Let's display all results in one table to compare across all kernels and C values.

In [None]:
# Creating a DataFrame from the collected results
results_df = pd.DataFrame(results_table)

# Displaying the full table
print("COMPLETE RESULTS TABLE – All Kernels and C values")
results_df

In [None]:
# Saving to CSV for future reference
results_df.to_csv("svm_results_table.csv", index=False)
print("Results saved to 'svm_results_table.csv'")

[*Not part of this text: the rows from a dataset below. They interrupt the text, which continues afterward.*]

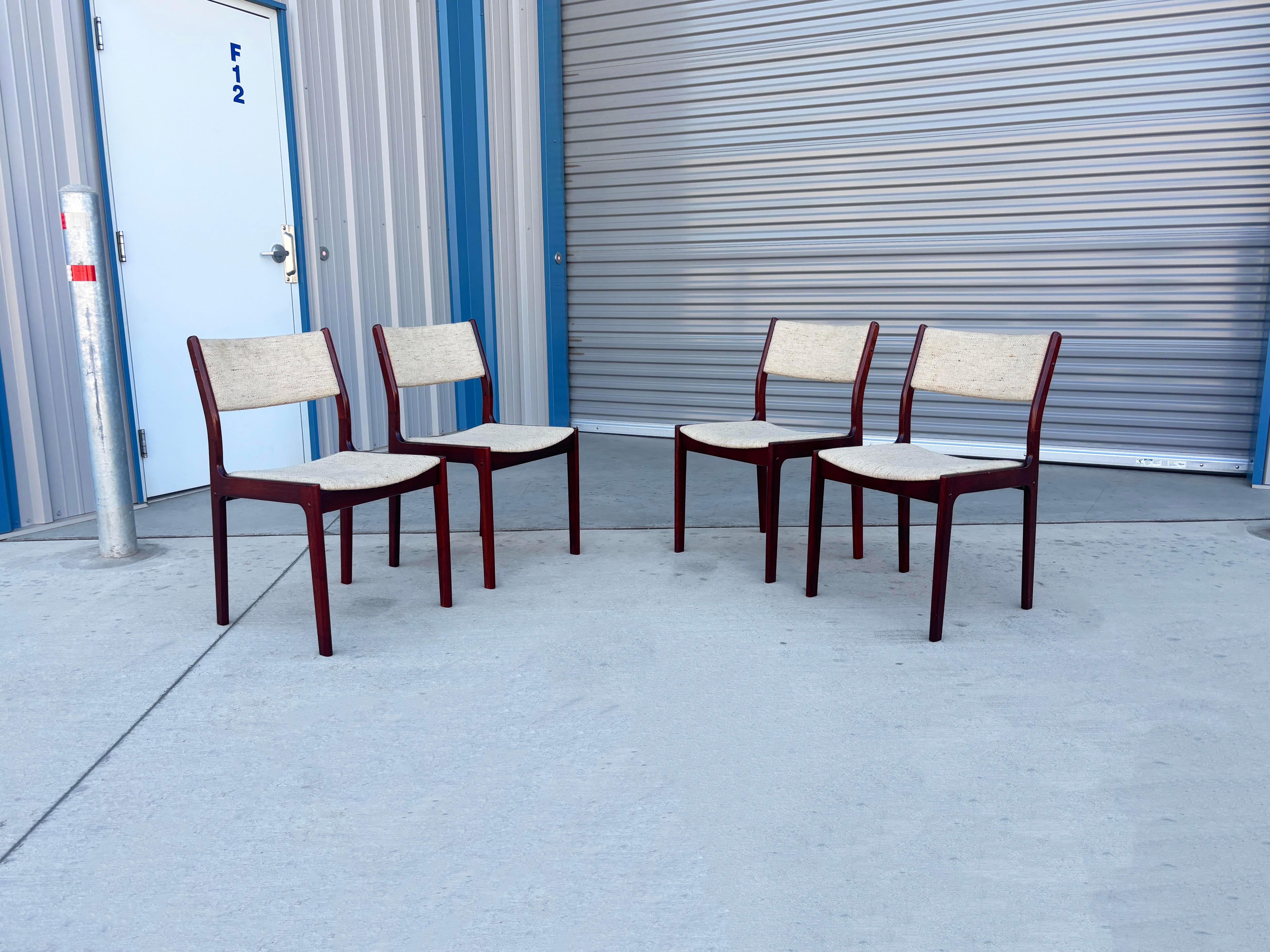 Fabric 1960s Danish Modern Teak Dining Chairs - Set of 6 For Sale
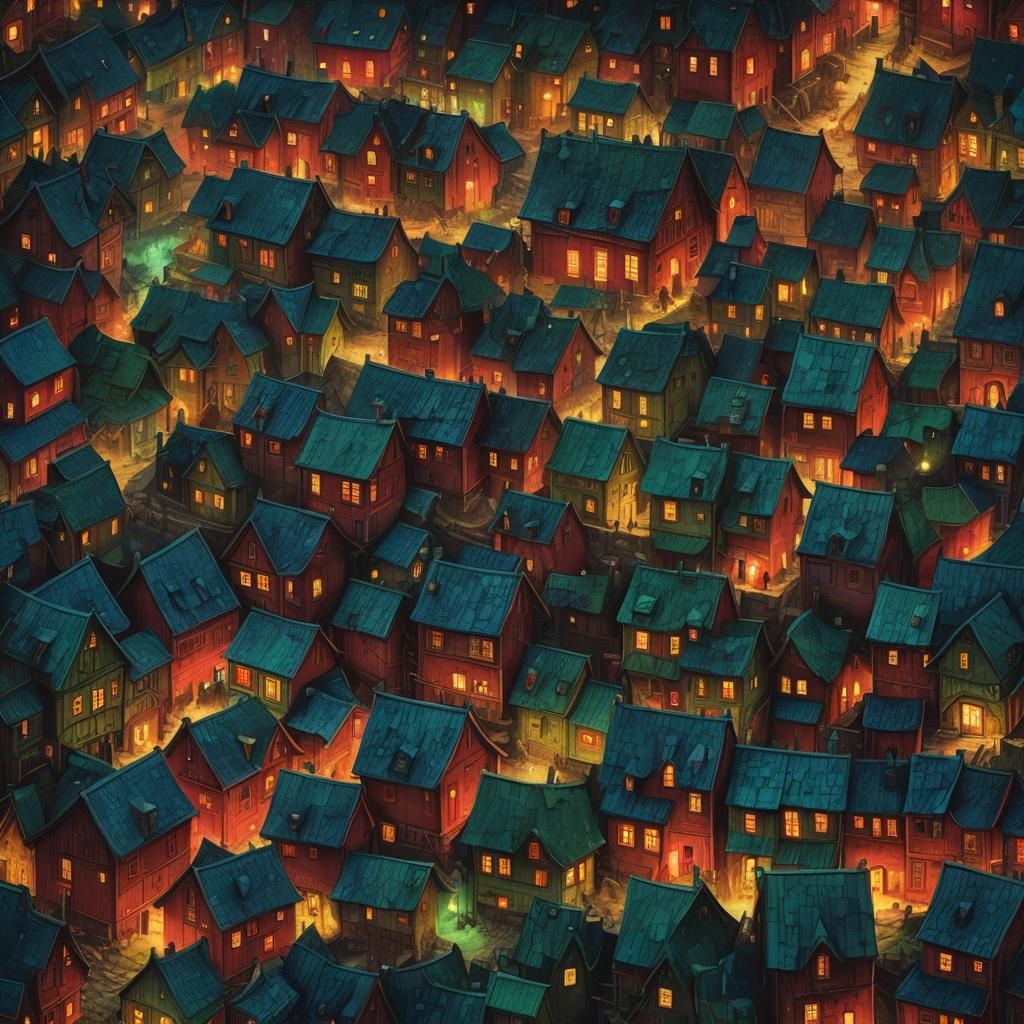 Mystical Village Illuminated in Dark Fantasy Style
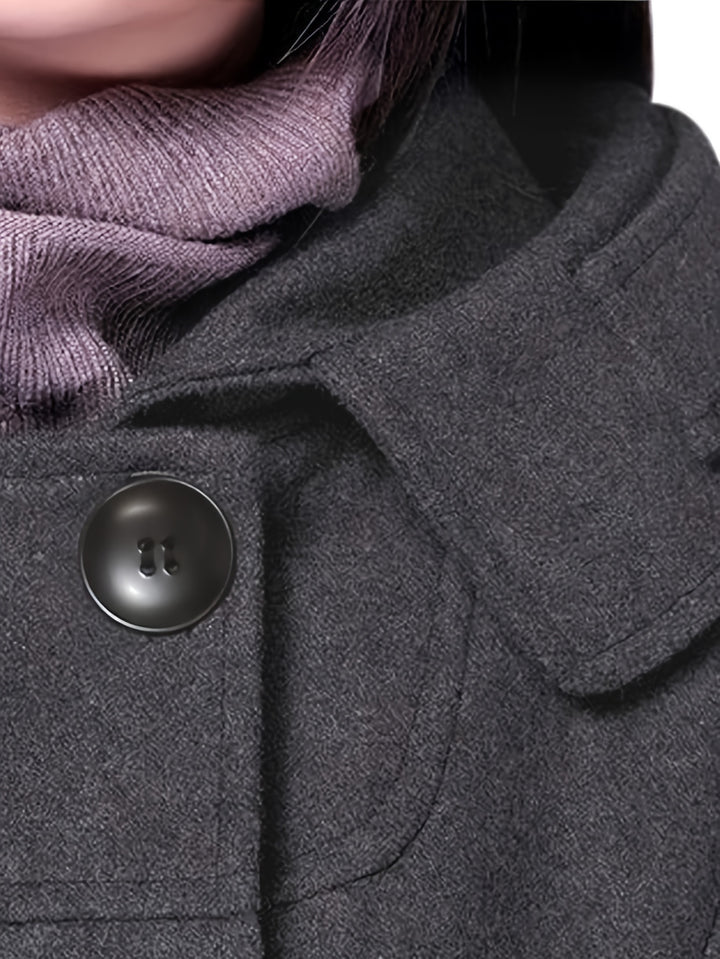 Rosanna | Hooded Double-Breasted Mid-Length Coat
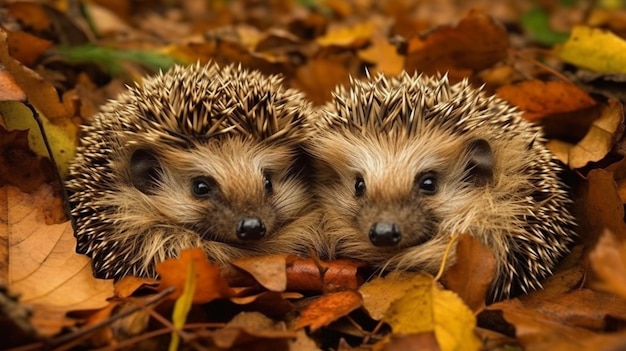 Deux hérissons couchés dans les feuilles, dont l'un est le premier à être nommé.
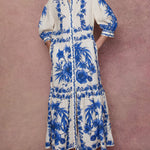 Loose Puff Sleeves Floral Printed Pleated Split-Joint Tied Waist Lapel Maxi Dresses Shirt Dress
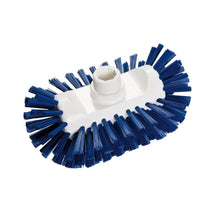 A close-up of the Diversey tank brush (Ø 200 x 125 x 35 mm), with densely packed blue hard bristles and a threaded connection, ideal for large-scale cleaning. Delivered as 1 piece by Diversey Deutschland GmbH & Co. OHG.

# Quick summary: Best config per kernel
print("\n--- Best Configuration per Kernel (based on Val Accuracy) ---")
best_per_kernel = results_df.loc[results_df.groupby("Kernel")["Val Acc"].idxmax()]
print(best_per_kernel.to_string(index=False))

---
## Summary

| Task | Model | Notes |
|------|-------|-------|
| Task 1 | Logistic Regression | Linear classifier, feature weights accessible via `coef_` |
| Task 2a | SVM – Linear | Weight vector accessible, good baseline |
| Task 2b | SVM – Polynomial | Non-linear, weights not accessible, tune degree + C |
| Task 2c | SVM – RBF | Non-linear, weights not accessible, usually best performer |
| Task 3 | Metrics | Confusion Matrix, Accuracy, Precision, Recall, F1 (Macro & Micro) |

**Key takeaways:**
- Always **scale your data** before training LR or SVM.
- Use the **validation set** to tune C (not the test set!).
- RBF kernel is usually a strong choice for non-linear data.
- Weight vectors can only be interpreted for the **linear kernel**.